Karrierekiller Bildung

FRAUEN Die Mädchenfalle schnappt nicht erst im Beruf zu. Rollenmuster und ihre Folgen

Schule: 22 Prozent der Frauen zwischen 25 und 30 haben den Hauptschulabschluss. Der Männeranteil liegt bei 28,2 Prozent. Beim Mittleren Schulabschluss ist das Verhältnis 34,1 zu 30,9 Prozent. Die Hochschulreife haben 39,6 Prozent der Frauen und 36,7 Prozent der Männer. (laut Hans-Böckler-Stiftung 2005)

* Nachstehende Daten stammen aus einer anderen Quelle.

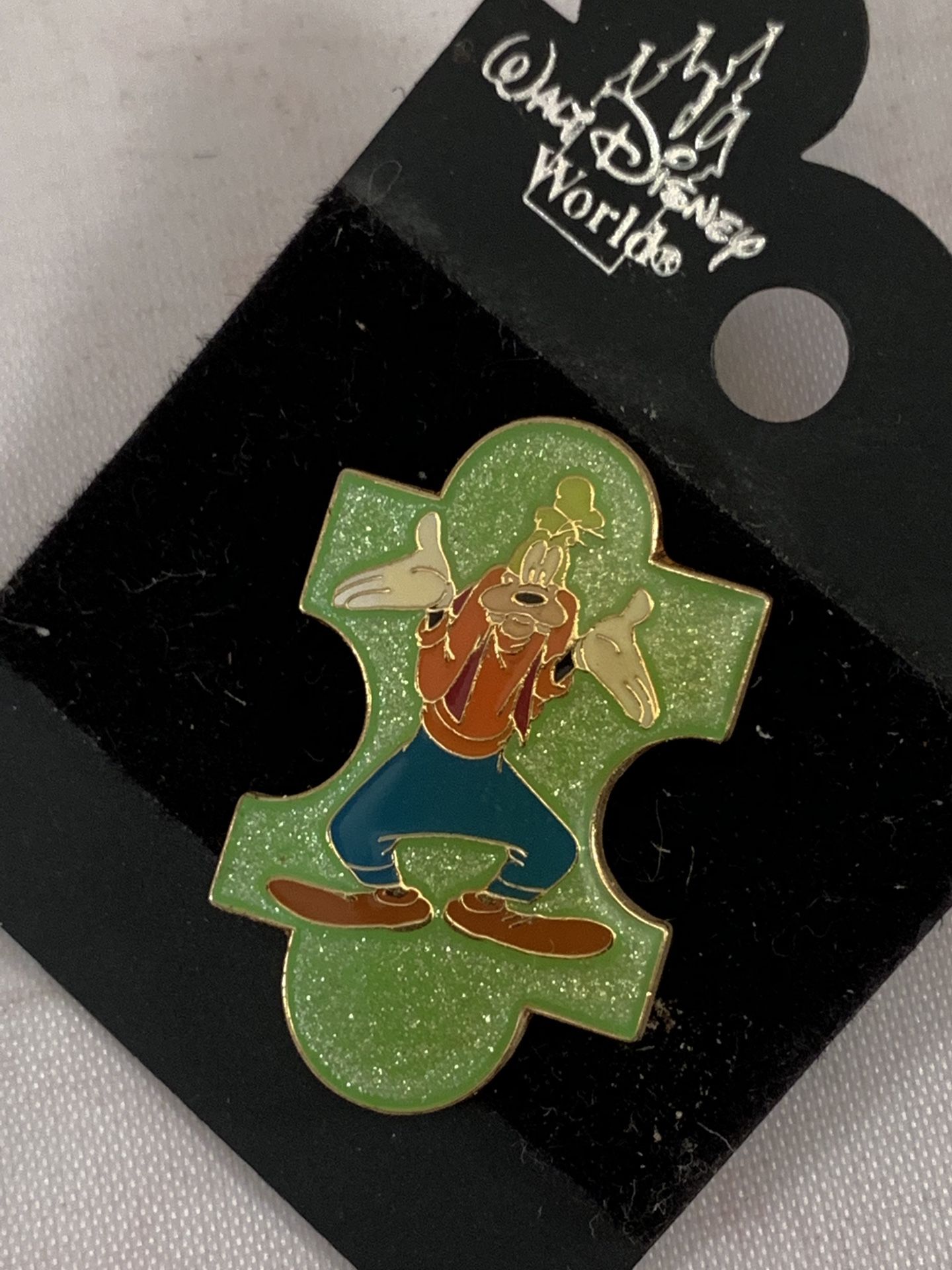Disney Goofy Puzzle Pin -Error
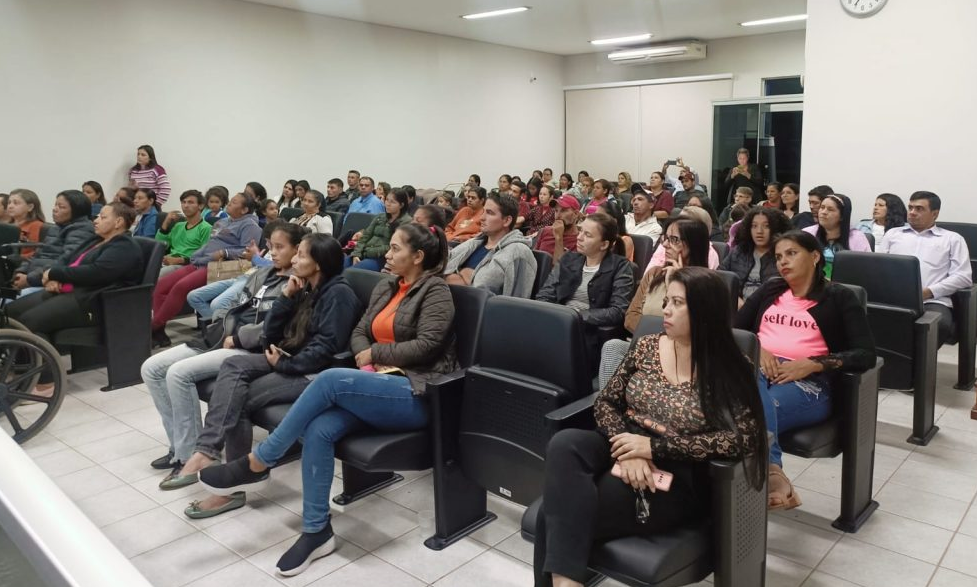 Prefeitura de Amambai realiza primeira reunião com beneficiários do projeto Sonho Meu Prefeitura de Amambai realiza primeira reunião com beneficiários do projeto Sonho Meu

■ Beruf: 31 Prozent der Führungskräfte sind weiblich. Im Topmanagement finden sich 11 Prozent Frauen, Vorstände sind zu 2,5 und deren Vorsitzende zu 0,5 Prozent weiblich. (laut IGM 2009) CK

VON CAROLIN KÜTER

Ein Drittel der Führungskräfte in Deutschland ist weiblich. Keine schlechte Bilanz, könnte man meinen. Ein genauerer Blick auf die Geschlechterverhältnisse lässt die Euphorie schnell abklingen. Denn nur 0,5 Prozent der Vorstandsvorsitze in Deutschland sind von Frauen besetzt. Eigentlich unerklärlich, vergleicht man diese Zahlen mit dem Verhältnis von männlichen und weiblichen Schul- und HochschulabsolventInnen. Bei der Bildung haben Frauen sogar einen leichten Vorsprung. Auf dem Weg zur erfolgreichen Berufsausbildung oder zum Universitätsdiplom scheinen Hindernisse wie soziale Ungleichheiten und Geschlechterdifferenzen erfolgreich überwunden. Doch woher weht der Karrierekillerwind?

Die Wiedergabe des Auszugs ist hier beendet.